Far too many Christians, however, are perfectly content to stay in one place; they fear and even dread change—especially if it moves them outside their comfort zones. Too many go to church to find comfort—not only in affliction, which is appropriate, but in their spiritual and theological complacency. The status quo is their god.

I believe God is a dynamic, ever changing God. Not in the sense that God’s character or essential nature changes, but in the sense that God is ever seeking new ways to challenge his people, the church.

I am not denigrating tradition; tradition can be powerful as a source of change—from inauthentic to authentic faith. Digging deeper into our Christian heritage, retrieving our best sources—the church fathers, the reformers, the great revivalists, the social reformers—can be challenging toward discovering a new sense of authenticity of faith. Rather, I am denigrating love of the status quo because it is comfortable.

My students have heard me give them this advice: When being interviewed by a pulpit committee, ask them if their congregation is open to change. Assure them you are not going to come in as a bull in a china shop destroying things. But let them know you, as a prophet of God, feel called to challenge a congregation toward spiritual authenticity and that it will mean conviction and possibly repentance. It will mean stretching beyond comfort. “No pain, no gain.”

If the pulpit committee (or whatever it is called) says no, then look elsewhere for your first or next pastorate. A church that is afraid to change is already dead. Many churches need to change their names to “Ichabod”—“The glory has departed.” Oh, they may actually be growing; numerical growth is not the measure of authenticity. Passion for the kingdom of God is the measure of authenticity.
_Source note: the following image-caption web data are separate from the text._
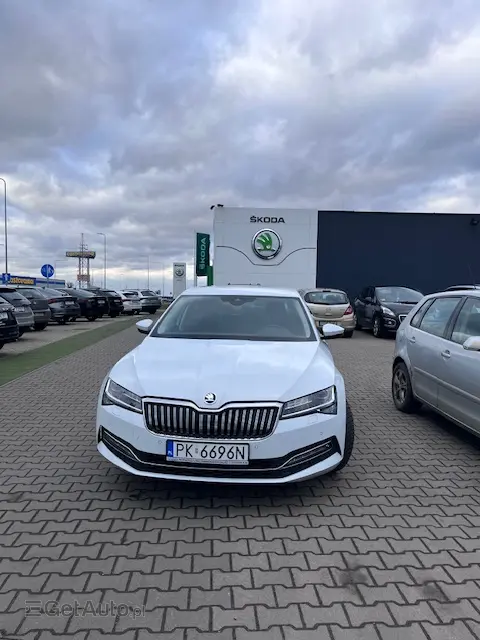 SKODA Superb Style DSG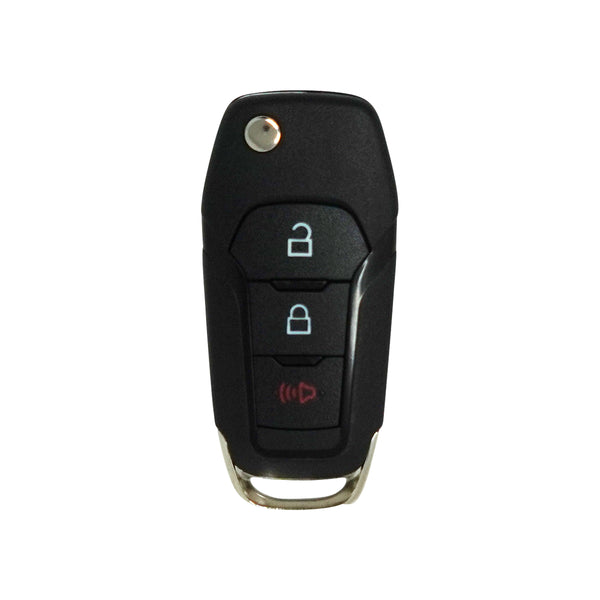 Keyless Entry Transmitter Leucadia C-FORD-3B1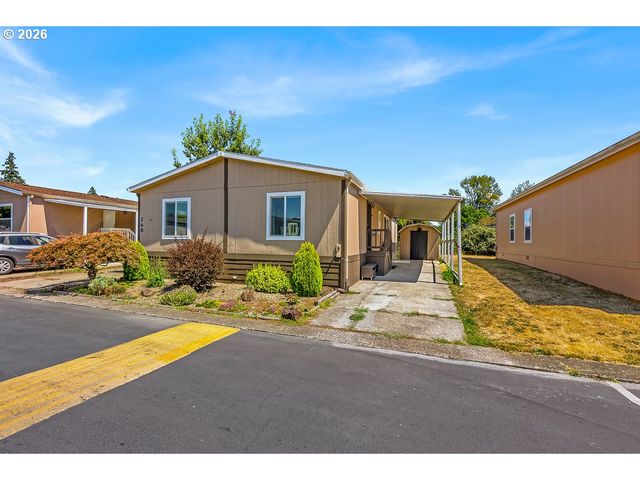 12450 Sw FISCHER Rd 268, Portland, OR 97224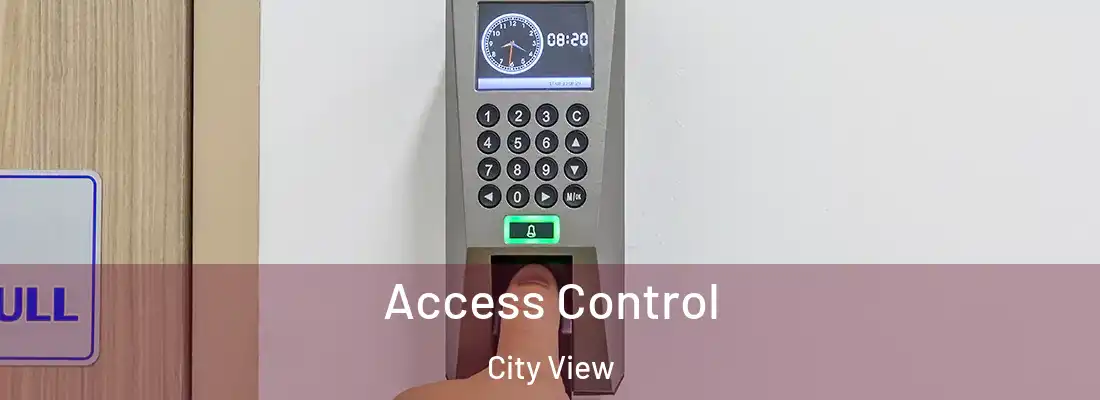  Access Control City View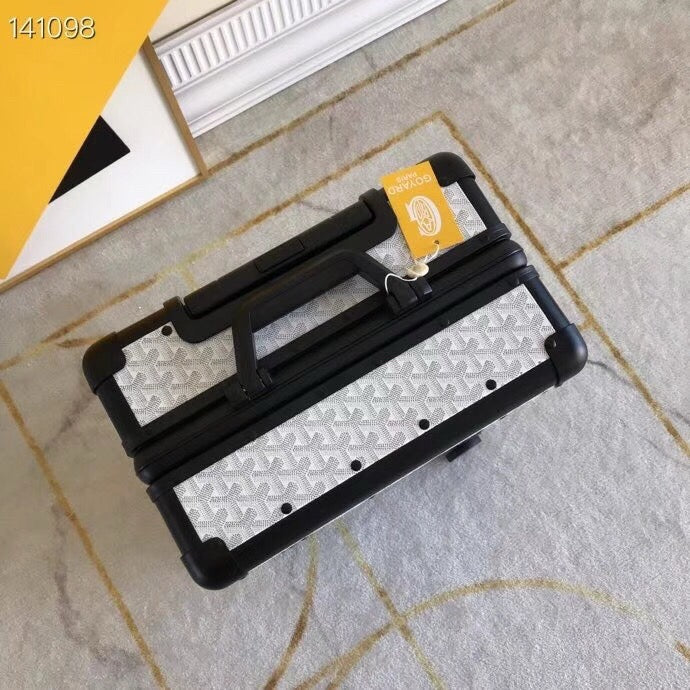 Multi-Colors Suitcase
Three traits characterize a church with passion for the kingdom of God: vulnerability, accountability, and availability. By “availability” I mean coming out of individualism into true community; making one’s self and resources available to the cause of God in the church and in the world. By “accountability” I mean coming out of individualism into true community; becoming transparent and open to correction in the common purpose of God’s kingdom. By “vulnerability” I mean coming out of individualism into true community; being real with God and each other in the church—acknowledging to each other our frailties and inviting prayer and support in order to be more effective with others in the mission of God.

Theologian-prophet Stanley Hauerwas has rightly said that the main “job” of the church is to be the church and the signal that a church is being the church is that God is busy among the people. I believe God being “busy” among us requires us, Christians, to be open to and even anxious for change—again, not for change’s sake but for the sake of greater approximation of the kingdom of God within the church. Changing the world is God’s business and he may use the church, but too much focus and attention has been given by conservative Christians in America to “changing the world” and too little to being the church as God intends it to be.
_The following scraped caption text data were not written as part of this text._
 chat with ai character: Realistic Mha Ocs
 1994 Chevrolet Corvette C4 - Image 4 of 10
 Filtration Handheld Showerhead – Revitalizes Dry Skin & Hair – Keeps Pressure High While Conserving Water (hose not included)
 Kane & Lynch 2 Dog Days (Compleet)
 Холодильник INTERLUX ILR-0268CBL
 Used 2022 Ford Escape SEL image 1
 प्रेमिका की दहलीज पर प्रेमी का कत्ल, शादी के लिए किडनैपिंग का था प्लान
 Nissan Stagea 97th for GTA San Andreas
I have noticed over the years a tendency on the part of many preachers to treat preaching as information delivery without challenge to change. At the end of many sermons I hear I want to say “Bring it home, preacher.” By that I mean, don’t stop with a point of information; only stop when you have told us, God’s people, what to do with the information. What does it mean for us in terms of decision and action? I assume one reason many preachers avoid “bringing it home” and stick to facts and ideas is they know people get upset by being challenged, convicted, told their love of the status quo, is sin.

Again, don’t get me wrong. I am not promoting “beating up the congregation.” That, too, is wrong. But proper conviction about spiritual complacency is not the same as beating up the congregation—even if some congregants stuck in spiritual complacency will always interpret it that way.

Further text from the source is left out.